Still, I think that could make us complacent – so thanks for your exhortation to “spend five minutes thinking about which majority groups we belong to — because we all belong to majority groups — especially the somewhat invisible ones. And then think about the assumptions we make as the majority group. And then stop making those assumptions.” I love this, and I’m going to think about it more.

14 Tiara { 10.23.14 at 9:39 am }

Thought provoking post & comments. Thank you for making me really think about this.

15 Mijk { 10.23.14 at 9:59 am }

Really interesting reading this because as a liberal christian in the netherlands i’m a minority and people interested in this kind of sites are way more of a minority… America is so different ( and yet it seems so full of people who think their way is the only way to live)

16 Bronwyn { 10.23.14 at 12:16 pm }

I do bristle against the assumptions sometimes. It wouldn’t be hard even to pitch it in a way which gave a nod to the fact that you might not be part of their target group after all.

We can’t know what’s going on with everyone all the time and for that reason we should act as if… we don’t know what’s going on with everyone all the time. Reserve a little judgement, flag assumptions. You know.

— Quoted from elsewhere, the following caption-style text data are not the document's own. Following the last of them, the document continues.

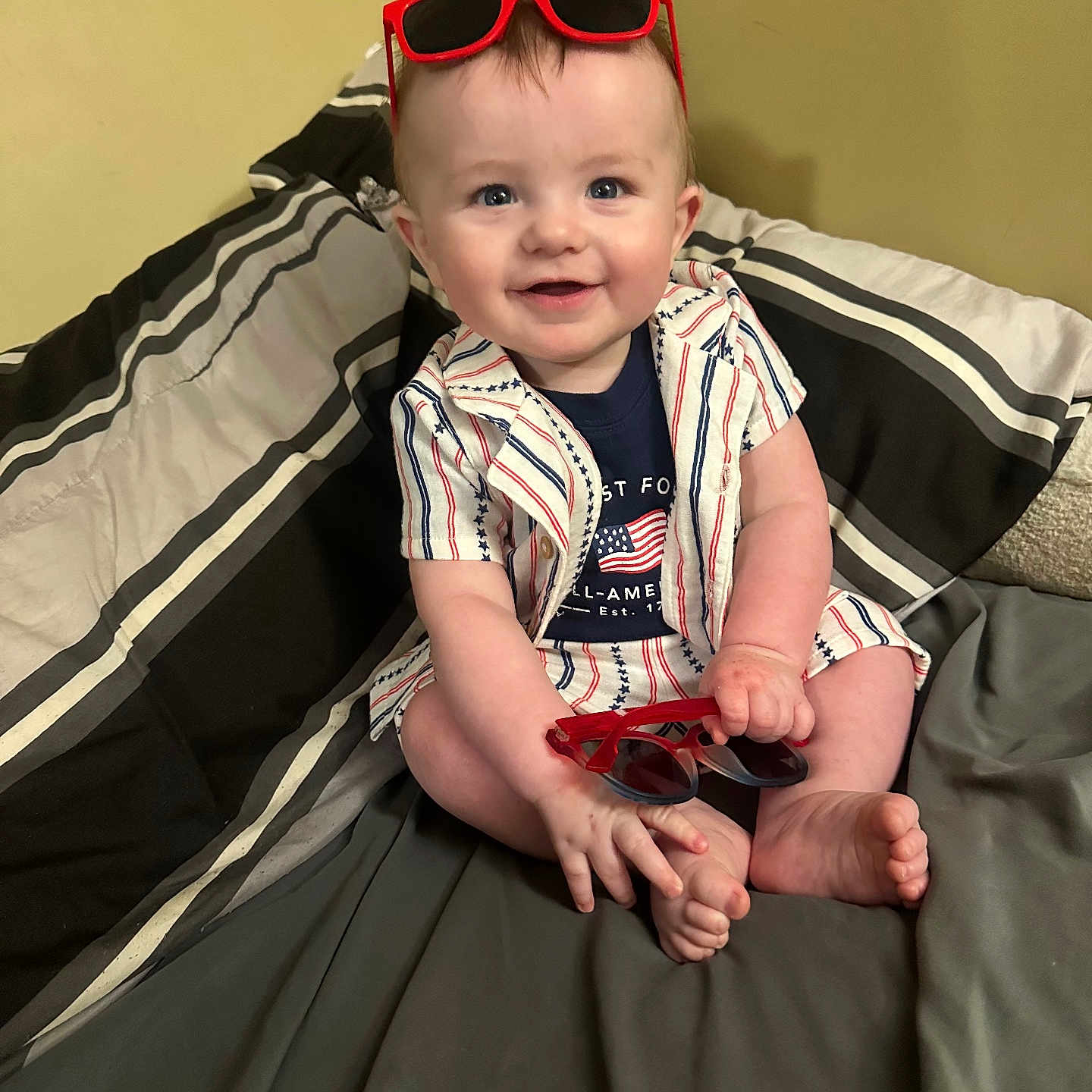 Cove is registered to the contest to win money with this photo: baby, bed, blanket, blue_eyes, casual_clothing, child, cute, foot, hand, happy, indoor, infant, patterned_clothing, person, red_sunglasses, short_hair, sitting, smile, striped_clothing, sunglasses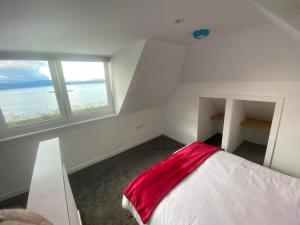 a white room with a bed with a red blanket at The Wee Cottage by the Ferry in Gourock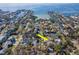 Stunning aerial view of waterfront community with lush greenery and tranquil canals at 4809 W Juno St, Tampa, FL 33629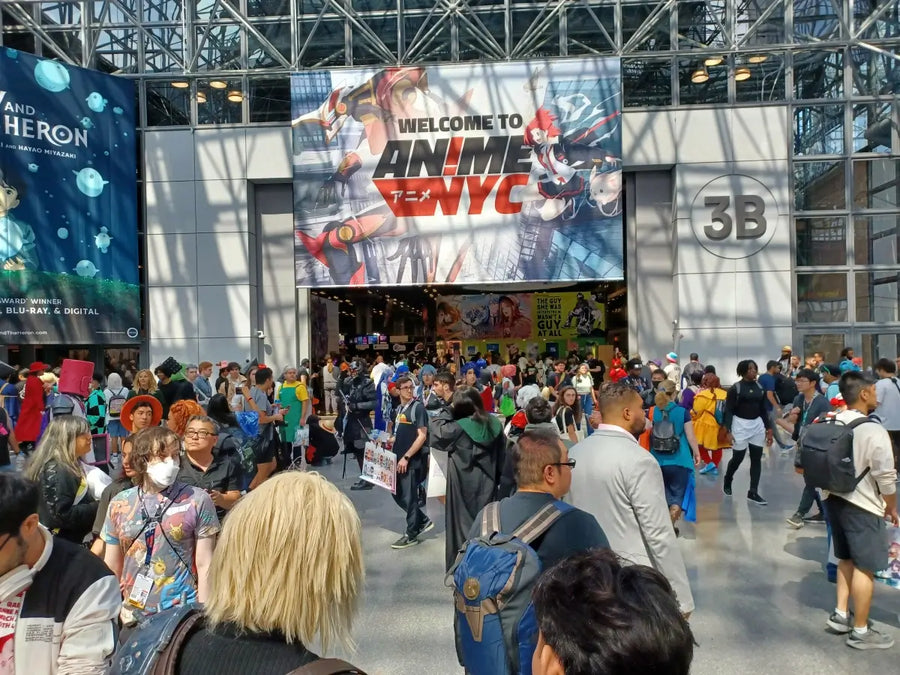 A busy anime convention hall filled with artist booths and visitors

17 Justine { 10.26.14 at 9:31 pm }

This reminds me of that conversation a while ago about “checking your privilege.” People were so reluctant to admit that yes, they were part of a group that had power simply because it was the majority …

18 Kimberly { 10.27.14 at 12:08 am }

I’m a little late to the game but I felt the need to comment. I love this post because it’s a great reminder. My pet peeve is that many on the Internet assume that everyone they talk to who speaks English is automatically american. I’m Canadian and if anyone took one second to look at anything about me, it’s generally one of the first things you learn about me, aside from my love of owls. Yet I’ve lost count how many assume I am. I posted one day about the weather, and since we track it via Celsius here, a person rudely commented saying that, you must be crazy if you think that is warm. I had to not only remind them that I’m Canadian, but that we track our temps via Celsius and the picture clearly indicated that.

I always try to keep an open mind and always ask for that in return.